Keywords: Federal Arbitration Act, FAA, pre-emption, state law

On November 26, 2012 the Supreme Court issued one decision, described below, of interest to the business community.

Federal Arbitration Act—Preemption of State Law

Nitro-Lift Technologies, L.L.C. v. Howard – No. 11-1377

For the third time in two Terms, the U.S. Supreme Court has summarily reversed a state-court decision that disregarded its precedents construing the Federal Arbitration Act ("FAA"). It is settled law that the FAA is applicable in both state and federal courts, and that under the FAA, an arbitration provision is "severable" from the remainder of the contract containing it. Thus, the U.S. Supreme Court has repeatedly held that "unless the challenge is to the arbitration clause itself, the issue of the contract's validity is considered by the arbitrator in the first instance." E.g., Buckeye Check Cashing, Inc. v. Cardegna, 546 U.S. 440, 445-446 (2006).

Despite the U.S. Supreme Court's clear instruction, the Oklahoma Supreme Court held that the "existence of an arbitration agreement in an employment contract does not prohibit judicial review of the underlying agreement." The court therefore deemed itself free to apply an Oklahoma statute limiting the enforceability of noncompetition agreements and, on that basis, invalidated the entire employment contract—including its arbitration provision—as void under Oklahoma public policy.
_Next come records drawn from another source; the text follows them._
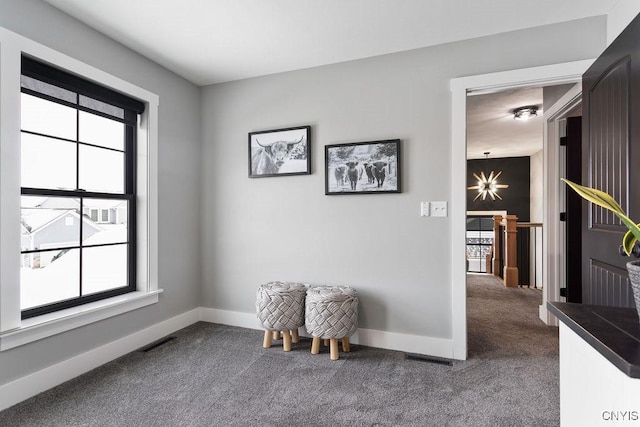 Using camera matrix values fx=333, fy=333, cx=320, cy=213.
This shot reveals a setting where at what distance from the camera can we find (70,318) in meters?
2.16

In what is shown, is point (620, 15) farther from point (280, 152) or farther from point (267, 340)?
point (267, 340)

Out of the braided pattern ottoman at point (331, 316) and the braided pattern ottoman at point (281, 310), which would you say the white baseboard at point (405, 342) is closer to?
the braided pattern ottoman at point (331, 316)

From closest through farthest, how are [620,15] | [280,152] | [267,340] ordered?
[620,15] → [267,340] → [280,152]

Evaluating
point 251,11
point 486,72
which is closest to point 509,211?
point 486,72

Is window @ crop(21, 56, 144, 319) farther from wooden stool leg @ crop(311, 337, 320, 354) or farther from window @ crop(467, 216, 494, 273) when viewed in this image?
window @ crop(467, 216, 494, 273)

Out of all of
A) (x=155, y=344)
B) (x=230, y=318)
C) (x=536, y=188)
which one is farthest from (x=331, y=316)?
(x=536, y=188)

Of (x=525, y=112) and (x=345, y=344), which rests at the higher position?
(x=525, y=112)

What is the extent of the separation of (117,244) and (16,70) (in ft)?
4.33

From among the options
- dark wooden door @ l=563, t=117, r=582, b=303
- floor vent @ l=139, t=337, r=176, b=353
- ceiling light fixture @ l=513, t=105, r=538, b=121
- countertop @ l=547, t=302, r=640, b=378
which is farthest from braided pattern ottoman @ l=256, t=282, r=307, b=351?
ceiling light fixture @ l=513, t=105, r=538, b=121

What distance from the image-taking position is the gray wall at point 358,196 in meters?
2.56

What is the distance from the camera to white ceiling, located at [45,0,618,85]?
2.10 m

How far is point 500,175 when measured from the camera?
7695 millimetres

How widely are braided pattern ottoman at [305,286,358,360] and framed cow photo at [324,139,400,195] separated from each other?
2.88ft

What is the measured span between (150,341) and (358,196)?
212 cm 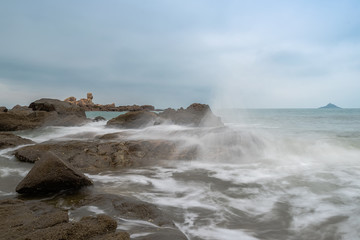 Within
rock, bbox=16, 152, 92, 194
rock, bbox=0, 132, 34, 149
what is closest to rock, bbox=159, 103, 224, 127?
rock, bbox=0, 132, 34, 149

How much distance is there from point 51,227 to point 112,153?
3.96m

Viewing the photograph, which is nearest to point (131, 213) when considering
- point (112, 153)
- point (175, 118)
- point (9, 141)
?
point (112, 153)

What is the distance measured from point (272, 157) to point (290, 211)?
363cm

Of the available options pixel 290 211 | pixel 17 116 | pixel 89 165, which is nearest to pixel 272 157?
pixel 290 211

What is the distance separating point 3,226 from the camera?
6.79 ft

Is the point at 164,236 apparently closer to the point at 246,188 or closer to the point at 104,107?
the point at 246,188

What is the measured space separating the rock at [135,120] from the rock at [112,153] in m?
6.26

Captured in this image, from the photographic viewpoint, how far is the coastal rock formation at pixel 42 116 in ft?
43.8

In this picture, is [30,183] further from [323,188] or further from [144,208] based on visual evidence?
[323,188]

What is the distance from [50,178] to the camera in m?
3.35

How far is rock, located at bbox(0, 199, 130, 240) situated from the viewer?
1880mm

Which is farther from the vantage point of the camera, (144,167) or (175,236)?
(144,167)

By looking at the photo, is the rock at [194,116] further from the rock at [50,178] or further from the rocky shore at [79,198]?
the rock at [50,178]

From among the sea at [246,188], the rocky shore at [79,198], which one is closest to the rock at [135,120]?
the rocky shore at [79,198] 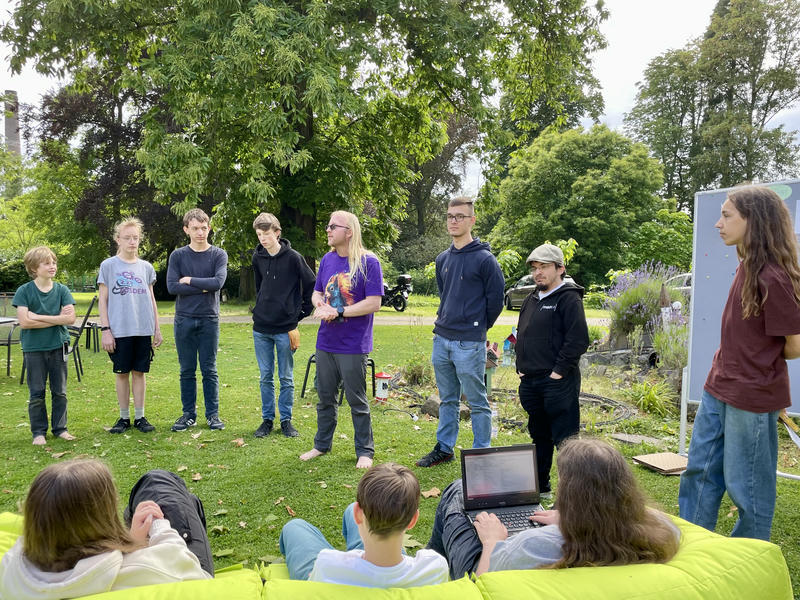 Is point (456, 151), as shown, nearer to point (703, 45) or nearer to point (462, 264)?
point (703, 45)

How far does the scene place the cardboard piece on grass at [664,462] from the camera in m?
4.54

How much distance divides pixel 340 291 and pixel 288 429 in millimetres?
1651

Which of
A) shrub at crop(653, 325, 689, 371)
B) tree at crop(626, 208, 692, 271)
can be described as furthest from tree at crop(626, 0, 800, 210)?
shrub at crop(653, 325, 689, 371)

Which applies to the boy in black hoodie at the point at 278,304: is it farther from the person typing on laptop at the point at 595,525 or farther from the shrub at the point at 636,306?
the shrub at the point at 636,306

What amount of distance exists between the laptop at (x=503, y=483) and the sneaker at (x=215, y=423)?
351cm

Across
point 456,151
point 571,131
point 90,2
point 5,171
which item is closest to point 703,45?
point 571,131

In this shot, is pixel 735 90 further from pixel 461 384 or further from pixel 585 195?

On November 26, 2012, in Nitro-Lift Technologies, L.L.C. v. Howard, No. 11-1377, the U.S. Supreme Court reversed the Oklahoma court in a unanimous per curiam opinion. The Court held that the decision below "ignored a basic tenet of the [FAA's] substantive arbitration law"—namely, that "attacks on the validity of the contract, as distinct from attacks on the validity of the arbitration clause itself, are to be resolved 'by the arbitrator in the first instance, not by a federal or state court.'" Slip op. 1, 4.

The per curiam opinion pointedly observed that the state court had "acknowledged" the Supreme Court's prior cases setting forth the FAA's severability principle, "but nonetheless chose to discount these controlling decisions." Slip op. 3. The Court held that this disregard of its precedents was forbidden by the Supremacy Clause. As the Court reaffirmed, "state courts must abide by the FAA," as well as "the opinions of this Court interpreting that law." Id. at 5. It is especially important in the arbitration context that state courts faithfully implement the controlling, "correct interpretation" of federal law because, the Court explained, "State courts rather than federal courts are most frequently called upon to apply the FAA," including its "national policy favoring arbitration." Id. at 1.

Because there was no dispute that the employment contract at issue here contained a valid arbitration provision, the U.S. Supreme Court's FAA jurisprudence required the arbitrator, not the Oklahoma court, to determine the validity of the rest of the contract. Slip op. 4. To the extent that the Oklahoma court interpreted the state statute specifically limiting the enforceability of noncompetition agreements to invalidate the arbitration agreement contained in the employment contract, that holding conflicted with, and therefore was preempted by, the FAA. Id. at 5.

November 26, 2012's summary reversal—which follows on the heels of summary reversals in Marmet Health Care Center, Inc. v. Brown, 132 S. Ct. 1201 (2012) (in which Mayer Brown represented one of the petitioners), and KPMG LLP v. Cocchi, 132 S. Ct. 23 (2011)—signals that the Court will not tolerate defiance of its FAA precedents by state courts. The Court's decision is a powerful reminder that federal law favors arbitration; that under federal law, the validity of the remainder of a contract containing a valid arbitration provision is for the arbitrator to decide; and that this rule applies in both state and federal courts.